## Aim of the task
Retype the material exactly, ending with the line containing "Editable Family Tree Template Unique".

## Provided material
┄┄┄┄┄┄┄┄┄┄┄┄┄┄┄┄┄┄┄┄
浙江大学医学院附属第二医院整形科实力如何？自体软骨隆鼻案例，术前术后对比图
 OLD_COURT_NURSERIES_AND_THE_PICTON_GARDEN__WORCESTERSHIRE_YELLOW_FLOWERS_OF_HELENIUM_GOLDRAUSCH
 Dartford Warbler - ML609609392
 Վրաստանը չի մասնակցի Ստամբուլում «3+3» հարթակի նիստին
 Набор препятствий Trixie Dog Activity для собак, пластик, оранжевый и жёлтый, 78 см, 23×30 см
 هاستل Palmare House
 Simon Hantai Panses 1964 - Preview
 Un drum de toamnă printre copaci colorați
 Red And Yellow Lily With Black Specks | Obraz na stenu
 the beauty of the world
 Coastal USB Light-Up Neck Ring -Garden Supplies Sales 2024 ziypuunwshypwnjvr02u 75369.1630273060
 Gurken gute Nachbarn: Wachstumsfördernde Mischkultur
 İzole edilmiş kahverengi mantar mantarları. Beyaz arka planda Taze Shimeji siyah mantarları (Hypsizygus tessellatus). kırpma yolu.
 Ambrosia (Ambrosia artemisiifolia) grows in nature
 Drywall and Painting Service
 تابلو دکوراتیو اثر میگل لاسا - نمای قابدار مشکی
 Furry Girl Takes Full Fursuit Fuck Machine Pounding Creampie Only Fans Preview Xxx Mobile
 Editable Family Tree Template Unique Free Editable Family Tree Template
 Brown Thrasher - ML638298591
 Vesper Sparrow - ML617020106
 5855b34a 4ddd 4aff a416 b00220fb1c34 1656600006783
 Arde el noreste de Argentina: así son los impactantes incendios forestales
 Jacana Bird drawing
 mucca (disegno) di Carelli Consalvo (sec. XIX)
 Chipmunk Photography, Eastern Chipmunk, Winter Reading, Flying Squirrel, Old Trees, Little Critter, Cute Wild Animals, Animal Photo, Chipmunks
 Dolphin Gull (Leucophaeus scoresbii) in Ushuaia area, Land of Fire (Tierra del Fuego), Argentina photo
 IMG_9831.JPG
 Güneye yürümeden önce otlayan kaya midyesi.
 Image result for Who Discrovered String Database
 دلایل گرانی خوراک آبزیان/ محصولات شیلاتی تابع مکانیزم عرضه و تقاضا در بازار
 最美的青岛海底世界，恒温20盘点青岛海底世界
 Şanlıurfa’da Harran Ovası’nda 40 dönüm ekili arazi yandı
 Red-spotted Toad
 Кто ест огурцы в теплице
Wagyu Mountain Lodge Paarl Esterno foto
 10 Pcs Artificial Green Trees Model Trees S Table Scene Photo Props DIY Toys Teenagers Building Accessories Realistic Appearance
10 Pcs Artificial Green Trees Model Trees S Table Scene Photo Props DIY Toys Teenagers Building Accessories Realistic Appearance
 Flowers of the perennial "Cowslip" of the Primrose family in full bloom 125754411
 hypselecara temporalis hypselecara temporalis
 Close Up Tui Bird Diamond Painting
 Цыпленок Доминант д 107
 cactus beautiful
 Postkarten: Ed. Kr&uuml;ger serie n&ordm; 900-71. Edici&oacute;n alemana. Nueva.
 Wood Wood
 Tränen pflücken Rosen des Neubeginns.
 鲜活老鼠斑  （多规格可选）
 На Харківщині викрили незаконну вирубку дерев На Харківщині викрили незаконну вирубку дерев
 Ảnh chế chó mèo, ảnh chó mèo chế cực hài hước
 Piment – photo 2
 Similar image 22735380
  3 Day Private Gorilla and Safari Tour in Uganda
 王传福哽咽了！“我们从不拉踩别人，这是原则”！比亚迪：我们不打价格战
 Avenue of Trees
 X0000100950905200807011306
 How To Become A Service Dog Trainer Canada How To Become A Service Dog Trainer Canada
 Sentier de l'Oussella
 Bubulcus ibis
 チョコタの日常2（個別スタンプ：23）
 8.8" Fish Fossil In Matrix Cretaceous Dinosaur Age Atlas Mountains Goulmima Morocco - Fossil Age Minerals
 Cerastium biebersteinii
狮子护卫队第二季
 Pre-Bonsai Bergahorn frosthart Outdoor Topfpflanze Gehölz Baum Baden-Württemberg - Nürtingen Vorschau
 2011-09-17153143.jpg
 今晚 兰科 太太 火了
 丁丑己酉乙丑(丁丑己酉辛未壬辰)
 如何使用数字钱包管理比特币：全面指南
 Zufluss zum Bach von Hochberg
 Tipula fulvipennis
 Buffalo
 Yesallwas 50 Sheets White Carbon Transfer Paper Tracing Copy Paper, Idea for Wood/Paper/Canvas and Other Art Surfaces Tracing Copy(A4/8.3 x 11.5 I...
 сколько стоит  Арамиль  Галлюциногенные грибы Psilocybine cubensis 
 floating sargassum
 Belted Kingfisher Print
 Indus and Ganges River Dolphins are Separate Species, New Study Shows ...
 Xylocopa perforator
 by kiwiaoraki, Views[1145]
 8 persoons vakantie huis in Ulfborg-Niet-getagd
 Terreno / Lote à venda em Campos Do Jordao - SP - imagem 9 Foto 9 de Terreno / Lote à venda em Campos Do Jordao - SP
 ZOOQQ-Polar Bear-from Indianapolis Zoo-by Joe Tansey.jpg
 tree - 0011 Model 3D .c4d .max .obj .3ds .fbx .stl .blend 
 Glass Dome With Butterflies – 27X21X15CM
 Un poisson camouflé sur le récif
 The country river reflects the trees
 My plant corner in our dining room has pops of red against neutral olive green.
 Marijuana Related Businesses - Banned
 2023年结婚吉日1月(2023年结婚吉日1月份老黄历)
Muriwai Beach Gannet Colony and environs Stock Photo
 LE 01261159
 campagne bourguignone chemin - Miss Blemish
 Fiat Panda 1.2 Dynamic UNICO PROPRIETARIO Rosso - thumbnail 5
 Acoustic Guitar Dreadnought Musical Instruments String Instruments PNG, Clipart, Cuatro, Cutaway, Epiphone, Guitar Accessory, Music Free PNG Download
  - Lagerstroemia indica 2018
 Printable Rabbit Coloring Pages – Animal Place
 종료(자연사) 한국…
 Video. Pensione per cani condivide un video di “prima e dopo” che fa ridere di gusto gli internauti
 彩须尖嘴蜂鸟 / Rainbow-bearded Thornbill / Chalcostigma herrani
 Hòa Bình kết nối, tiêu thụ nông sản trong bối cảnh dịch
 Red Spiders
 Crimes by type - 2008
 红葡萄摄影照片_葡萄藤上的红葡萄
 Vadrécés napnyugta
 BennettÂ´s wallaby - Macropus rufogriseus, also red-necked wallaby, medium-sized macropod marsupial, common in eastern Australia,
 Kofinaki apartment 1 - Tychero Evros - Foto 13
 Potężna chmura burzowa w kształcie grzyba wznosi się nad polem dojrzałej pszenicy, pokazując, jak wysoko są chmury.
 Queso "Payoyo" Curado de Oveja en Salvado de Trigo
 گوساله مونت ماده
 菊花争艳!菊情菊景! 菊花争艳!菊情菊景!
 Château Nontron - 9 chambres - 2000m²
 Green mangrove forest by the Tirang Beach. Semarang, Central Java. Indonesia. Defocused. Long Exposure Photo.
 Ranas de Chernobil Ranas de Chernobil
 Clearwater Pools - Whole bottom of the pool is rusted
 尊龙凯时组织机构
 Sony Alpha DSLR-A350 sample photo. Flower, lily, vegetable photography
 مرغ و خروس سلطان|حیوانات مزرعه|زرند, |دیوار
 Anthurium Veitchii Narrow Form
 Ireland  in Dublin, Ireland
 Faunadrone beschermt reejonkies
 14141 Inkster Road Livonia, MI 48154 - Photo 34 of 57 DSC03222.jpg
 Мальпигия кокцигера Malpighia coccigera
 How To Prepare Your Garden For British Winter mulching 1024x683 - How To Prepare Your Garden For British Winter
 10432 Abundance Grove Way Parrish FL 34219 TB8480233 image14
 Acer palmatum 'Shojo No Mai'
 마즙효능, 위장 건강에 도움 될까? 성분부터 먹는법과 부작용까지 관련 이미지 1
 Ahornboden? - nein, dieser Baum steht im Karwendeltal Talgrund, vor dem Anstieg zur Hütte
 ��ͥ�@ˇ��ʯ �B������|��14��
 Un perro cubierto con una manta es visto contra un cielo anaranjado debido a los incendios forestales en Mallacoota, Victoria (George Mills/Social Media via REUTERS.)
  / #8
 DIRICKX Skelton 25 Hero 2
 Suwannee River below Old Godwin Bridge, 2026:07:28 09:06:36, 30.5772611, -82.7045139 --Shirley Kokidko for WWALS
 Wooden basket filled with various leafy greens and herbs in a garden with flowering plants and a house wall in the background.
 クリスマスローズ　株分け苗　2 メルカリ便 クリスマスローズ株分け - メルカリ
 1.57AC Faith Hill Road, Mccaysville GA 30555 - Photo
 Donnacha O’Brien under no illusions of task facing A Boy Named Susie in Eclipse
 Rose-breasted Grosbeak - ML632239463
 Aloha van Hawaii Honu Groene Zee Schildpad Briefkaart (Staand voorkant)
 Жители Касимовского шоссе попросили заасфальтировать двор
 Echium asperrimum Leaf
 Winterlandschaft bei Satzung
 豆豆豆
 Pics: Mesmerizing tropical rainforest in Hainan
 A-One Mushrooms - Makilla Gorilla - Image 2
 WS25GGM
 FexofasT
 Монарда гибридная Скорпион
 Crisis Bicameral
┄┄┄┄┄┄┄┄┄┄┄┄┄┄┄┄┄┄┄┄
## Response to this task
浙江大学医学院附属第二医院整形科实力如何？自体软骨隆鼻案例，术前术后对比图
 OLD_COURT_NURSERIES_AND_THE_PICTON_GARDEN__WORCESTERSHIRE_YELLOW_FLOWERS_OF_HELENIUM_GOLDRAUSCH
 Dartford Warbler - ML609609392
 Վրաստանը չի մասնակցի Ստամբուլում «3+3» հարթակի նիստին
 Набор препятствий Trixie Dog Activity для собак, пластик, оранжевый и жёлтый, 78 см, 23×30 см
 هاستل Palmare House
 Simon Hantai Panses 1964 - Preview
 Un drum de toamnă printre copaci colorați
 Red And Yellow Lily With Black Specks | Obraz na stenu
 the beauty of the world
 Coastal USB Light-Up Neck Ring -Garden Supplies Sales 2024 ziypuunwshypwnjvr02u 75369.1630273060
 Gurken gute Nachbarn: Wachstumsfördernde Mischkultur
 İzole edilmiş kahverengi mantar mantarları. Beyaz arka planda Taze Shimeji siyah mantarları (Hypsizygus tessellatus). kırpma yolu.
 Ambrosia (Ambrosia artemisiifolia) grows in nature
 Drywall and Painting Service
 تابلو دکوراتیو اثر میگل لاسا - نمای قابدار مشکی
 Furry Girl Takes Full Fursuit Fuck Machine Pounding Creampie Only Fans Preview Xxx Mobile
 Editable Family Tree Template Unique Free Editable Family Tree Template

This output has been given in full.